What would cause a query to run slowly when used a subquery, but not when run separately?

I have something similar to the following:
SELECT c.id
FROM contact AS c
WHERE c.id IN (SELECT s.contact_id
FROM sub_table AS s
LEFT JOIN contact_sub AS c2 ON (s.id = c2.sub_field)
WHERE c2.phone LIKE '535%')
ORDER BY c.name
The problem is that the query takes a very very very long time (>2minutes), but if I take the subquery, run it separately, implode the ids and insert them into the main query, it runs in well less than 1 second, including the data retrival and implosion.
I have checked the explains on both methods and keys are being used appropriately and the same ways. The subquery doesn't return more than 200 IDs.
What could be causing the subquery method to take so much longer?
BTW, I know the query above can be written with joins, but the query I have can't be--this is just a simplified version.
Using MySQL 5.0.22.
Sounds suspiciously like MySQL bug #32665: Query with dependent subquery is too slow.
What happens if you try it like this?
SELECT c.id
FROM contact AS c
INNER JOIN (SELECT s.contact_id
FROM sub_table AS s
LEFT JOIN contact_sub AS c2 ON (s.id = c2.sub_field)
WHERE c2.phone LIKE '535%') subq ON subq.contact_id=c.id
ORDER BY c.name
Assuming that the result of s.contact_id is unique. You can add distinct to the subquery if it is not.

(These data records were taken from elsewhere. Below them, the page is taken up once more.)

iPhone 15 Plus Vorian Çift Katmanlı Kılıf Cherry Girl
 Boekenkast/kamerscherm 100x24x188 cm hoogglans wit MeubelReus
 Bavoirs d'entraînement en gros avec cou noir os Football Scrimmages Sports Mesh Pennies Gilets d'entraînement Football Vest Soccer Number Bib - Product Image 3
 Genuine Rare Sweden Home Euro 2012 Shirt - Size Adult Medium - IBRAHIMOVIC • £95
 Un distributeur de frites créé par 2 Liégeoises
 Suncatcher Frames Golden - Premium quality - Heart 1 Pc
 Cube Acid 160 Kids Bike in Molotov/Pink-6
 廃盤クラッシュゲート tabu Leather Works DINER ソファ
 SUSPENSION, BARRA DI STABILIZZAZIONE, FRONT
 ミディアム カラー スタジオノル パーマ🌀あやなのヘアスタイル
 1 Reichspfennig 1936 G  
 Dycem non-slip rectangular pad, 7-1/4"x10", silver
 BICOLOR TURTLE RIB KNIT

I always use uncorrelated subqueries this way rather than using the IN operator in the where clause.
Have you checked the Execution Plan for the query? This will usually show you the problem.
Can't you do another join instead of a subquery?
SELECT c.id
FROM contact AS c
JOIN sub_table AS s on c.id = s.contact_id
LEFT JOIN contact_sub AS cs ON (s.id = cs.sub_field)
WHERE cs.phone LIKE '535%'
ORDER BY c.name
Since the subquery is referring to a field sub_field in the outer select, it has to be run once for each row in the outer table - the results for the inner query will change with each row in the outer table.
It's a correlated subquery. It runs once for each row in the outer select. (I think. You have two tables with the same correlation name, I'm assuming that's a typo. That you say it can't be rewritten as a join means it's correlated. )
Ok, I'm going to give you something to try. You say that the subquery is not correlated, and that you still can't join on it. And that it you take the output of the subquery, and lexically substitute that for the subquery, the main query runs much faster.
So try this: make the subquery into a view: create view foo followed by the text of the subquery. Then rewrite the main query to get rid of the "IN" clause and instead join to the view.
How's the timing on that?